Tideway Community Forum

forgot password?
   
 
SoftwareInstance Names and Types
Posted: 29 October 2008 02:28 AM   [ Ignore ]  
Jr. Member
RankRank
Total Posts:  46
Joined  2008-10-17

This one really isn’t a “How Do I?” question per se, but I wasn’t sure what section it should go in.

I have noticed that most of the patterns I have looked at always have something like ‘type: name version on host.name’ as part of the si name. I’m curious to know the reasoning behind this. What is the benefit of having all of these different attributes crammed into the name field of the Software Instance when there are individual fields for storing these values?

Regarding Software Instance type, I noticed that the type is sometimes set to ‘type_prefix: type’ or ‘type: name’. I find this a bit confusing as far as the conventions being used. Can anyone give me some insight as to why patterns have been implemented this way?

I guess the How Do I part of this question could be: How do I use the name and type fields? Maybe I’m just missing something here, but if I don’t see a value in storing all of these attributes crammed in a single field, is there an easy way to configure the patterns with a simplier naming convention for type and name? Or would this involve manually editing every pattern with the new naming convention?

Thanks,
Wes

Profile
 
 
Posted: 29 October 2008 04:23 AM   [ Ignore ]   [ # 1 ]  
Newbie
Avatar
Rank
Total Posts:  6
Joined  2008-02-08

I believe the ‘name’ attribute is made of multiple components to make it unique in the DB.

The SI ‘type’ identified the name of the CI. If you want to search for all hosts that contain oracle RDBMS, you should search on ‘type’ attribute.
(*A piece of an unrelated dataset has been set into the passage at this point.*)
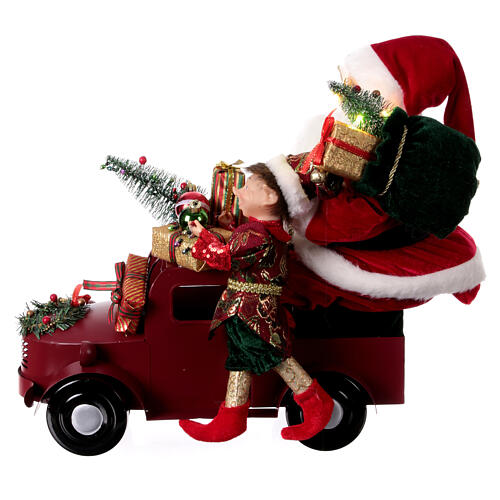Pai Natal no carro com presentes luzes e movimento 40x40x20 cm 10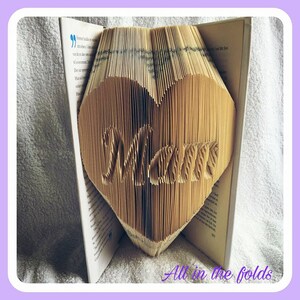 Könnte beinhalten: Ein herzförmiges Buchkunstwerk mit dem Wort "Mama" in die Seiten geschnitzt. Das Buch ist geöffnet, das Herzdesign steht aufrecht. Der Text "All in the folds" befindet sich am unteren Bildrand.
Generally you shouldn’t be searching on the name.

Profile
 
 
Posted: 29 October 2008 09:26 AM   [ Ignore ]   [ # 2 ]  
Administrator
Avatar
RankRankRankRank
Total Posts:  132
Joined  2008-01-25

Actually the only field you should have wholly unique on an SI is the key field. The key field will be a hash of all the fields that give this SI a unique identity. Usually those will be something along the lines of Host.key+SI.type+SI.instance. Key generation is vital when pattern writing as it is this field that is used to decide if a new node is needed or an existing one updated. Given that the key field tends to be a hash it is not normally displayed.

The name field contains a number of pieces of information because this field is the one usually used in summaries, reports and page titles. From experience most users expect this field to be unique and reflect the identity of the SI and when we trialled having partial information it caused a lot of confusion. People felt there were lots of duplicates and it was hard to locate, say, the Apache Webserver you were interested in a list of 200.

Clearly you could write reports that included all the “identity” fields, but this is not complete enough as the Foundation model is flexible enough to cope with variable numbers of “identity” fields unlike the fixed keys of an RDBMS. So if a particular product can run as two instances on the same server differentiated by the port they listen on then we can form a key from Host.key+SI.type+SI.port whereas if the way to differentiate them is by the config file they load we can form a key from Host.key+SI.type+SI.config_file.path. So it would be difficult to form a report showing all fields.

So the convention is to set the name field to the “readable” or “plain text” equivalent to the key field. For SIs this leads to names of the form “<SI.type> identified as <SI.instance> running on <Host.name>” when the key field is Host.key+SI.type+SI.instance and so on.

The name tends to be unique as it reflects the key. In some edge cases it may not make sense to include all the “identity” fields in the name, say if one of them is a 20 character license key, as it would make it largely unreadable.

These conventions apply to all the nodes in the inferred part of the model.

So the best thing to remember is that the key field is the true unique id and the one you should use if you need to write patterns. The name is the plain text equivalent of the key and is the one to use in everyday reporting.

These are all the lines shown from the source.